— Source information —
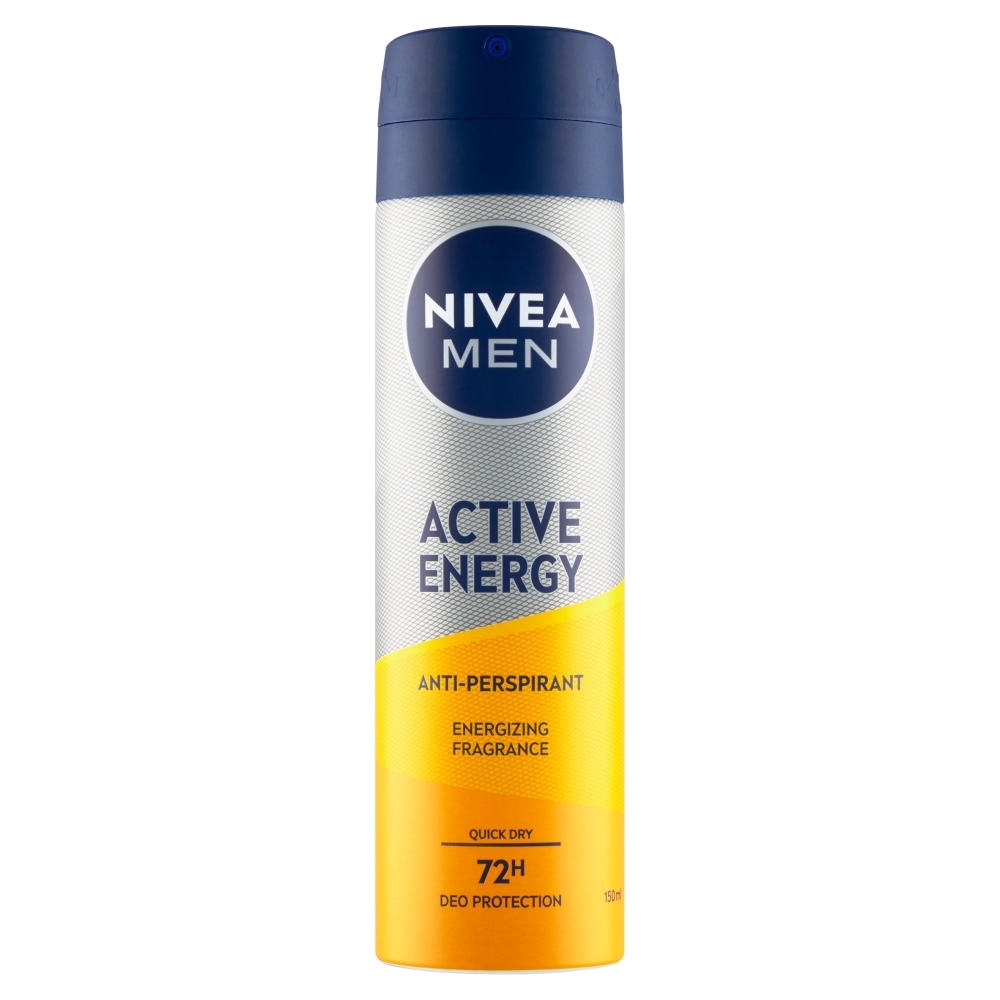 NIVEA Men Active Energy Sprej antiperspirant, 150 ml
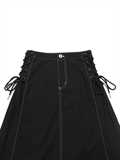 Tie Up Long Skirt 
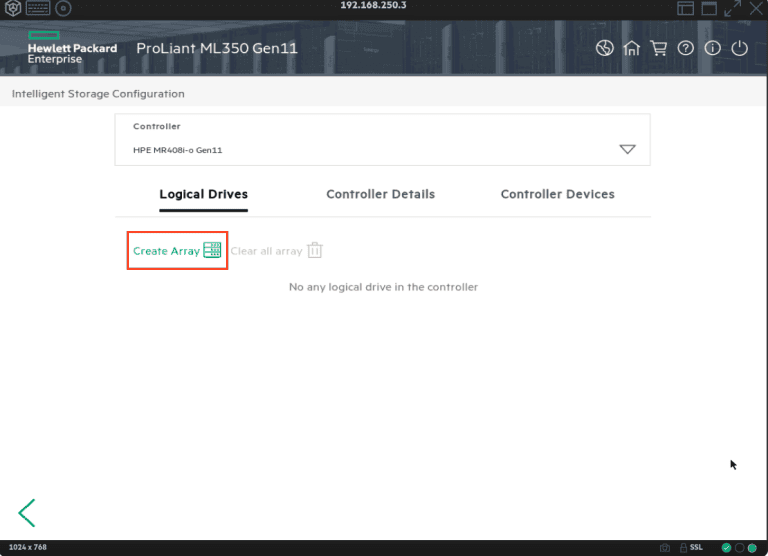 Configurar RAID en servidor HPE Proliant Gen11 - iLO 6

--

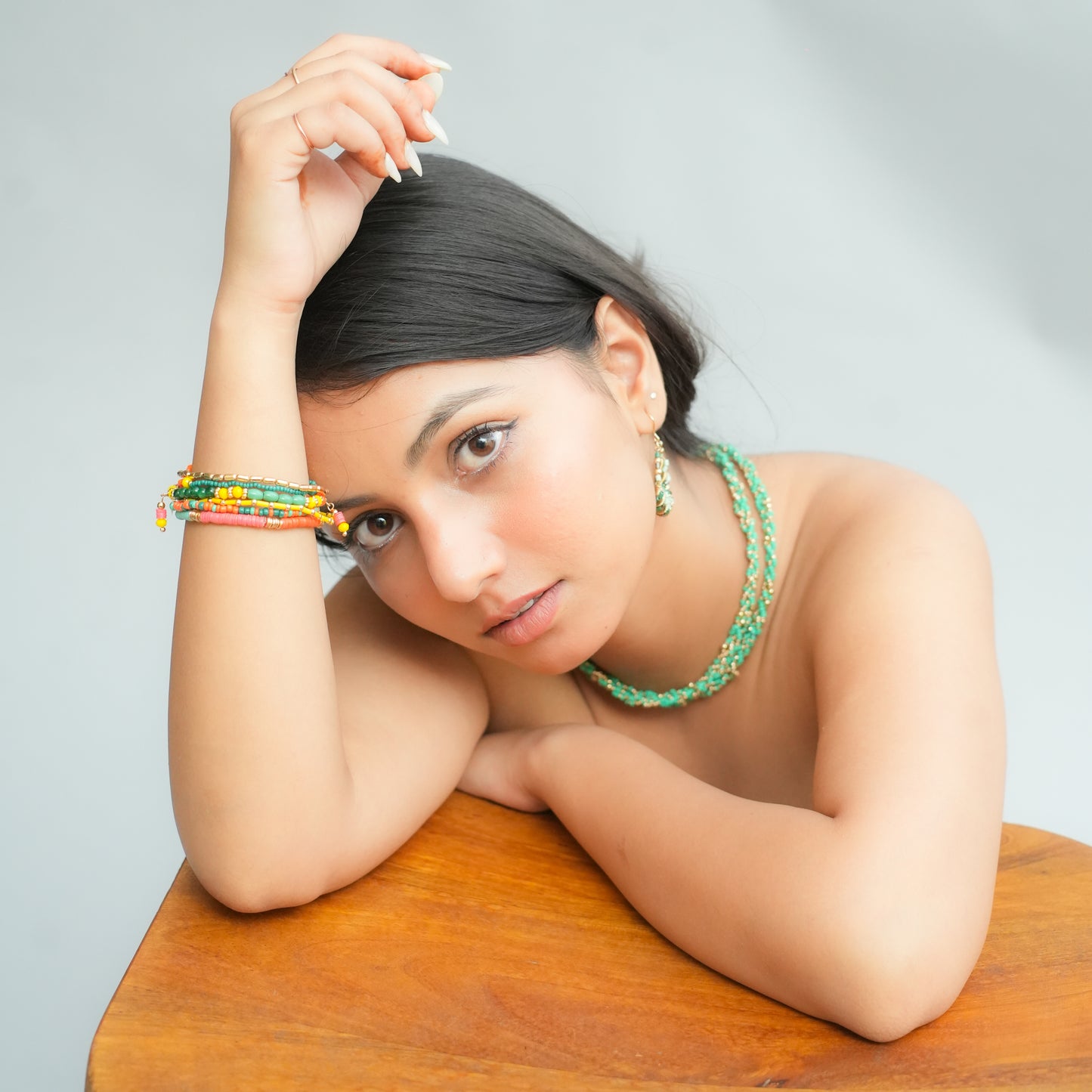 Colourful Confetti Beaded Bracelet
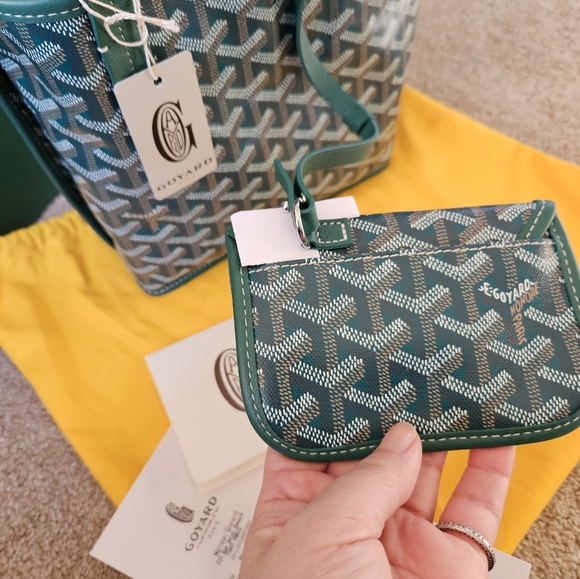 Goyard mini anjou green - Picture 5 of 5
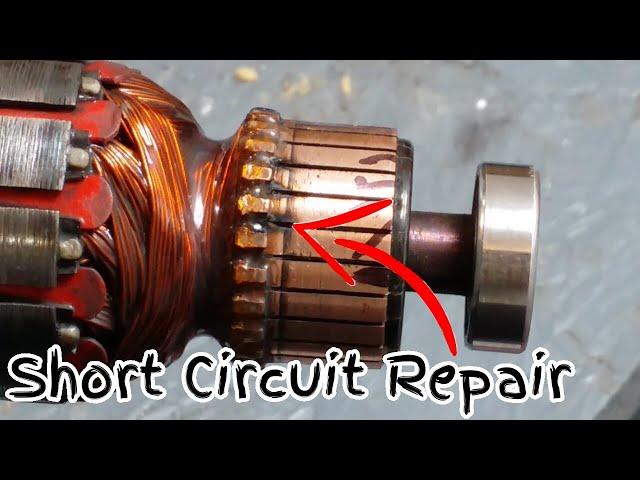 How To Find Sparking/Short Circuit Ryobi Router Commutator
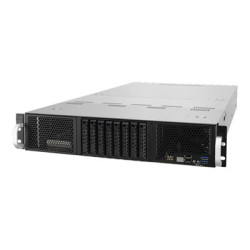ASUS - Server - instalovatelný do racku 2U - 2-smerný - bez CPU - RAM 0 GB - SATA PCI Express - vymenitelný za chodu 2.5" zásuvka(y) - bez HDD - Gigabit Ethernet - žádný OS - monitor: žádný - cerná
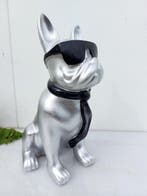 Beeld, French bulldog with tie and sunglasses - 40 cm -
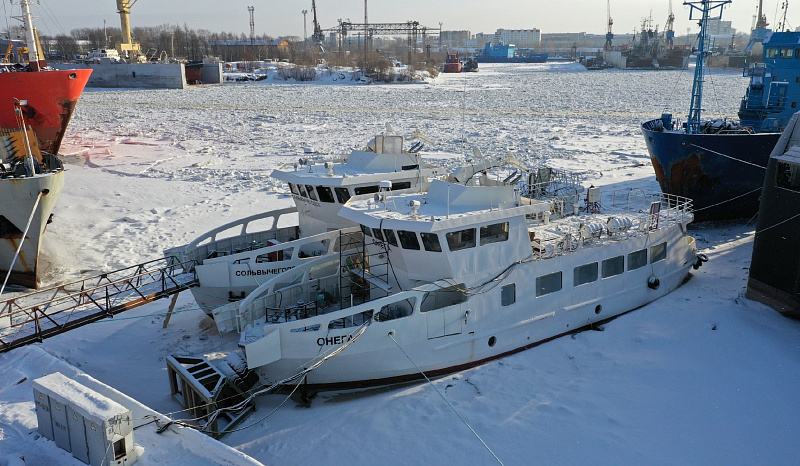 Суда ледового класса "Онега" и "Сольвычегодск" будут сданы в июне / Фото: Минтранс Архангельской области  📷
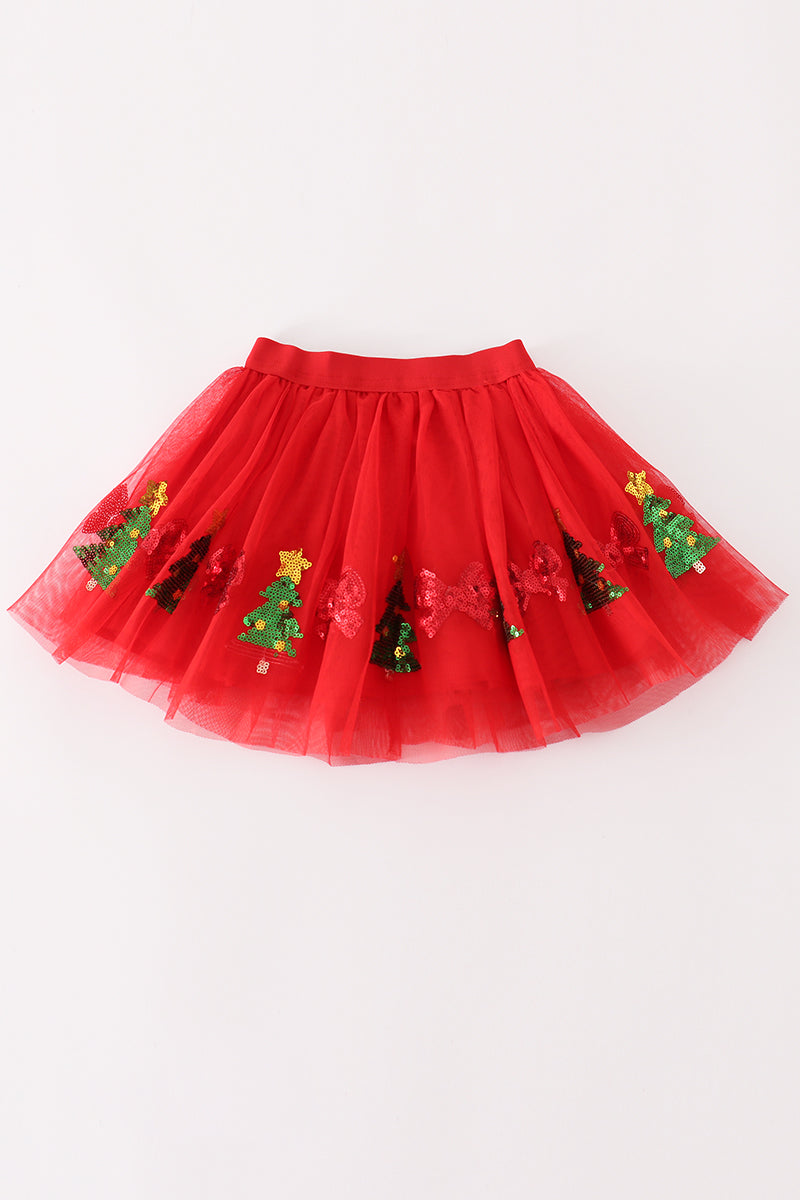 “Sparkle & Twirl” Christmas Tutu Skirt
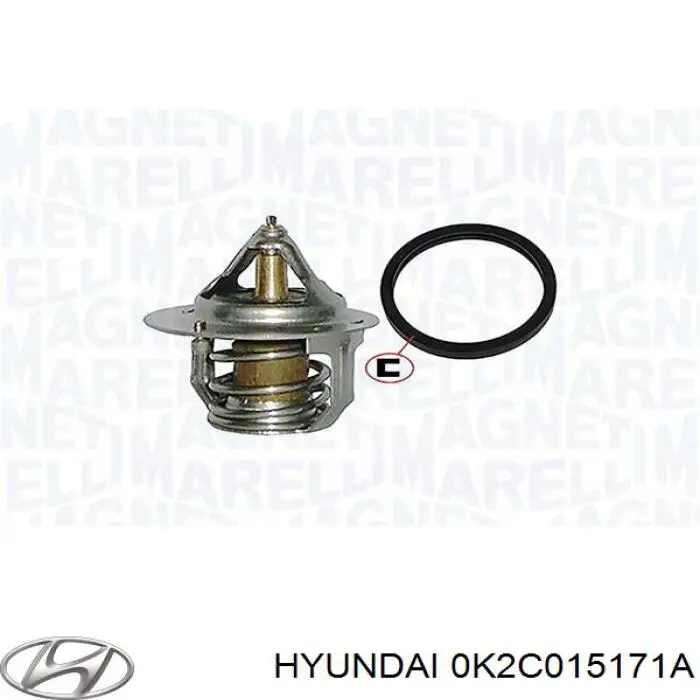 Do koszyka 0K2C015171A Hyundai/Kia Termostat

— What you are asked to do —
Find the line with "Goyard mini anjou green - Picture 5 of 5" and the line with "Do koszyka 0K2C015171A Hyundai/Kia Termostat" in the records above. Copy both and all lines between them exactly, without pictures.

— Response below —
 Goyard mini anjou green - Picture 5 of 5
 How To Find Sparking/Short Circuit Ryobi Router Commutator
ASUS - Server - instalovatelný do racku 2U - 2-smerný - bez CPU - RAM 0 GB - SATA PCI Express - vymenitelný za chodu 2.5" zásuvka(y) - bez HDD - Gigabit Ethernet - žádný OS - monitor: žádný - cerná
 Beeld, French bulldog with tie and sunglasses - 40 cm -
 Суда ледового класса "Онега" и "Сольвычегодск" будут сданы в июне / Фото: Минтранс Архангельской области  📷
 “Sparkle & Twirl” Christmas Tutu Skirt
 Do koszyka 0K2C015171A Hyundai/Kia Termostat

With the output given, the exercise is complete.